* **ASSIGNMENT**
Exclude images; transcribe the rest of the data exactly.

* **SUPPLIED INFORMATION**
####

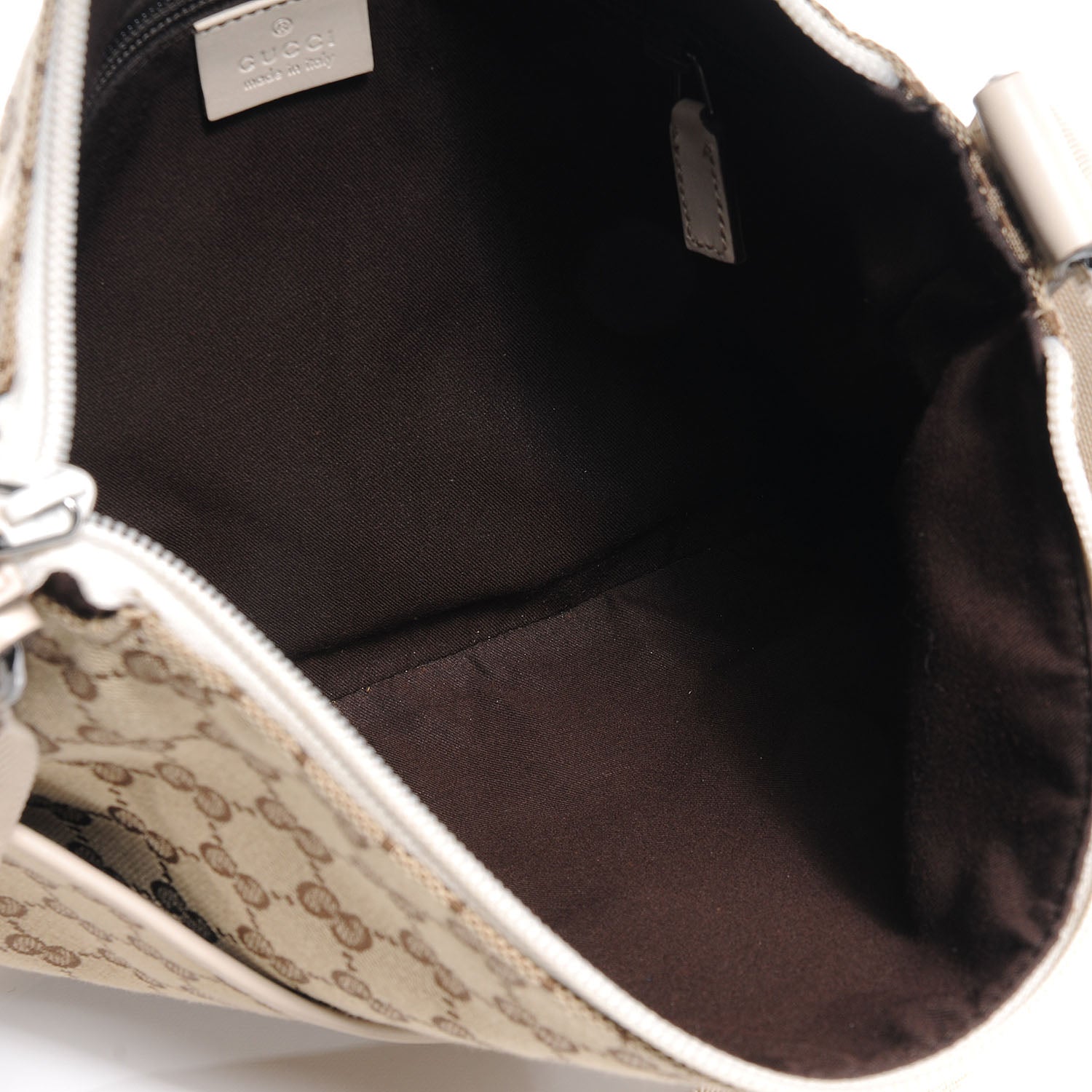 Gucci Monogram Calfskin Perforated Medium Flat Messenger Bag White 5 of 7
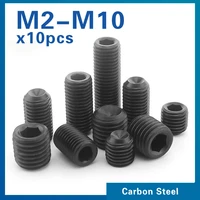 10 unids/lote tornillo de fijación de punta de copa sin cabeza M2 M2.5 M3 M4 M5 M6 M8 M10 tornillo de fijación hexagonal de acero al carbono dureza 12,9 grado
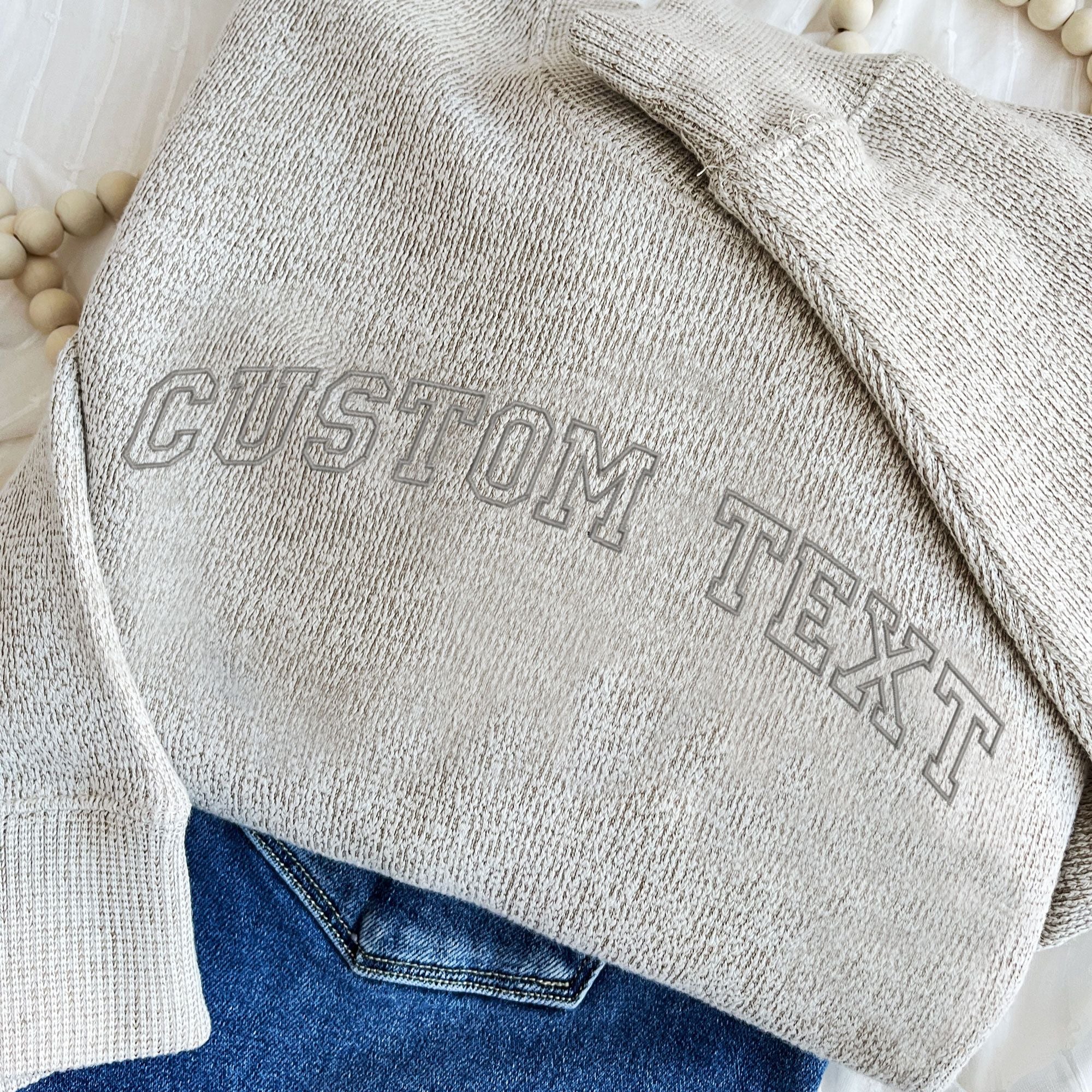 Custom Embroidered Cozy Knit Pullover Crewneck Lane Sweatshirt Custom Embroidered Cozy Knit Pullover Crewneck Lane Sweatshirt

####

* **EXPECTED ANSWER**
 Gucci Monogram Calfskin Perforated Medium Flat Messenger Bag White 5 of 7
 10 unids/lote tornillo de fijación de punta de copa sin cabeza M2 M2.5 M3 M4 M5 M6 M8 M10 tornillo de fijación hexagonal de acero al carbono dureza 12,9 grado
 Custom Embroidered Cozy Knit Pullover Crewneck Lane Sweatshirt Custom Embroidered Cozy Knit Pullover Crewneck Lane Sweatshirt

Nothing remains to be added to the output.